§ **ASSIGNED TASK**: Once you find the line containing "Discount Andromée Tonique" in the data below, copy it and each following line exactly, up to and including the line containing "Audi Q5 40 TDI", and nothing else.

§ **TASK DATA**:

++++++++

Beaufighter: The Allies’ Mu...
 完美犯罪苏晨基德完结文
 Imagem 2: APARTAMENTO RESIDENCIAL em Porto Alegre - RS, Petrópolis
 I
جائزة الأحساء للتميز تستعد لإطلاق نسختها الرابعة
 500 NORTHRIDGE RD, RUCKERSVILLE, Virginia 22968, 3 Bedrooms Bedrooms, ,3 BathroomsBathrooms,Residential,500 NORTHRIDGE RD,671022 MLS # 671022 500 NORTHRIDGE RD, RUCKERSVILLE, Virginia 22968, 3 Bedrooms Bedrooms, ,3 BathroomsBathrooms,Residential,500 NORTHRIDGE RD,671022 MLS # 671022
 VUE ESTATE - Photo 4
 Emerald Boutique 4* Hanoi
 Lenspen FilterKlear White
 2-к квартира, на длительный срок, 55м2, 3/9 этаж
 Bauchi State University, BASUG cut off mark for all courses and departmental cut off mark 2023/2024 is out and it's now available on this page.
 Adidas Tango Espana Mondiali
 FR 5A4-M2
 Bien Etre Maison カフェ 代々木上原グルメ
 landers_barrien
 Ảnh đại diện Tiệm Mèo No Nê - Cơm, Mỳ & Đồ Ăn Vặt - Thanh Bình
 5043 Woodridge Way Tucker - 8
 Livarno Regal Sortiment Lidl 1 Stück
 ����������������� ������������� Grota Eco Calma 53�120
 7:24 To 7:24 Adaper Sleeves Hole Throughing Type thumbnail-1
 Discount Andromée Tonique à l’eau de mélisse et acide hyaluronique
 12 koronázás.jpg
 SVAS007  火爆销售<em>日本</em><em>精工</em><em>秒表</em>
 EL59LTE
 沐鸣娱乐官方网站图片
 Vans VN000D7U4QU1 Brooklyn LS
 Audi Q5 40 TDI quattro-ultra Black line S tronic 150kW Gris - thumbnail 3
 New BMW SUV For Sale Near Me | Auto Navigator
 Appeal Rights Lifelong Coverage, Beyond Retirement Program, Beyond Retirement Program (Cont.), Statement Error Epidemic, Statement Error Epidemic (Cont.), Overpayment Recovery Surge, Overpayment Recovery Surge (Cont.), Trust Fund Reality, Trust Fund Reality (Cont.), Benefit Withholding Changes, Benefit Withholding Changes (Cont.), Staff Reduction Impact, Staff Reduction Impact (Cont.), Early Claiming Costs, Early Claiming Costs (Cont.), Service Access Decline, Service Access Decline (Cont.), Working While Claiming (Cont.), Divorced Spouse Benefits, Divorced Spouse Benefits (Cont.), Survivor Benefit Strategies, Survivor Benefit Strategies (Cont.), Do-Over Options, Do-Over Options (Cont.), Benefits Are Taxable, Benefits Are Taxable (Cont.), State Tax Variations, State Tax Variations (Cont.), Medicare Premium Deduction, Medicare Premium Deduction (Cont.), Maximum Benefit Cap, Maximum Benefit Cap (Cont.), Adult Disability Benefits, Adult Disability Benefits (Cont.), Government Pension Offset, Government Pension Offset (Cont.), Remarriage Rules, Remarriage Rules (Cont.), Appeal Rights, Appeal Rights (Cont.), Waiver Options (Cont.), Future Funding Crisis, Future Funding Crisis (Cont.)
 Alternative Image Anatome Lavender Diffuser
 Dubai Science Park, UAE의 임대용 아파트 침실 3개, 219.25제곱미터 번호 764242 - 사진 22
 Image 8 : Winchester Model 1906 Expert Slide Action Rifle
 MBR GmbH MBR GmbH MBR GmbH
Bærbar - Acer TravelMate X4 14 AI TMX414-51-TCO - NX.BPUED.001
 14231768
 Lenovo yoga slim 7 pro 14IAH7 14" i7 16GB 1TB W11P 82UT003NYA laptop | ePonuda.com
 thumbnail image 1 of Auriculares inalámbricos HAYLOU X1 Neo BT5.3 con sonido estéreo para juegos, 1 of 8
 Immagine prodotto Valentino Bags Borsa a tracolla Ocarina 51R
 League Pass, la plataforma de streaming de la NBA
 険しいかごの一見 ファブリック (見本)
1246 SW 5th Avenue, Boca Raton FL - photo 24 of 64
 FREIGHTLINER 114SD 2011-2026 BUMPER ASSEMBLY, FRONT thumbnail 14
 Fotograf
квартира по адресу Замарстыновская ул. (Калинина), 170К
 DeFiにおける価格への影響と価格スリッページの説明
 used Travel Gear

++++++++

§ **TASK OUTPUT**:
 Discount Andromée Tonique à l’eau de mélisse et acide hyaluronique
 12 koronázás.jpg
 SVAS007  火爆销售<em>日本</em><em>精工</em><em>秒表</em>
 EL59LTE
 沐鸣娱乐官方网站图片
 Vans VN000D7U4QU1 Brooklyn LS
 Audi Q5 40 TDI quattro-ultra Black line S tronic 150kW Gris - thumbnail 3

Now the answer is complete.